Vaccination of the population at risk should be considered if an outbreak of a vaccine preventable serogroup is identified. Community-wide clearance antibiotics should not be used.
Aboriginal and Torres Strait Islander communities
Based on outbreaks reported in the 1980s and early 1990s, the risk of sustained transmission of IMD in Aboriginal and Torres Strait Islander communities, especially remote communities, is probably higher than in the general community. For this reason, a low threshold should be used to determine the necessity for disease control measures. Action targeted to all community members should be considered (depending on community size and serogroup) if there are two or more cases in a remote Aboriginal or Torres Strait Islander community within a 4-week period and where available characterisation indicates they are the same strain.
Primary meningococcal conjunctivitis may also precede invasive disease in a case or in a close contact. Hence, it is recommended that contacts of individuals with meningococcal conjunctivitis receive information and antibiotic prophylaxis, as for contacts of IMD cases.

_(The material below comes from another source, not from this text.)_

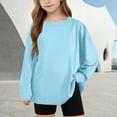 thumbnail image 2 of yillto Toddler Kids Basic Shirts Plain Long Sleeve Round Neck Loose Spring Summer Tshirts for Boys Girls, 2 of 7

Advice for medical practitioners about meningococcal disease
Prompt diagnosis of meningococcal septicaemia and meningitis, and preadmission treatment of presumptive cases can be life-saving.
In children and adults, consider a diagnosis of meningococcal disease if signs and symptoms include:
- fever, pallor, rigors, sweats
- headache, neck stiffness, photophobia, backache, cranial nerve palsy
- vomiting and/or nausea, and diarrhoea
- lethargy, drowsiness, irritability, confusion, agitation, seizures or altered conscious state
- moaning, unintelligible speech
- painful or swollen joints, myalgia or difficulty walking.
Although the absence of a rash does not exclude meningococcal disease, note in particular any haemorrhagic rash, particularly of a pinprick, petechial or purpuric appearance.
In infants and young children, the following may also occur:
- irritability, dislike of being handled
- tiredness, floppiness, drowsiness
- twitching or convulsions
- grunting or moaning
- turning from light.
For people of all ages, note in particular:
- rapid deterioration in clinical condition
- repeat presentations to surgery or hospital
- normally calm friends or relatives who are more worried than symptoms apparently justify.
Immediate actions for treatment
Carry benzylpenicillin in the doctor's bag. If meningococcal disease is suspected, immediately call an ambulance and:
- administer antibiotics intravenously (IV) (intramuscularly [IM] if IV is impossible)
- collect blood for culture, but only if possible
- start immediate antibiotic therapy (all ages).
Empirical therapy before hospitalisation should be benzylpenicillin at 60 mg/kg up to 3 g IV/IM, or ceftriaxone at 50 mg/kg up to 2 g IV/IM.
Penicillin should only be withheld in people who have a definite history of penicillin-associated anaphylaxis. If in doubt, check with an infectious diseases physician at your nearest hospital.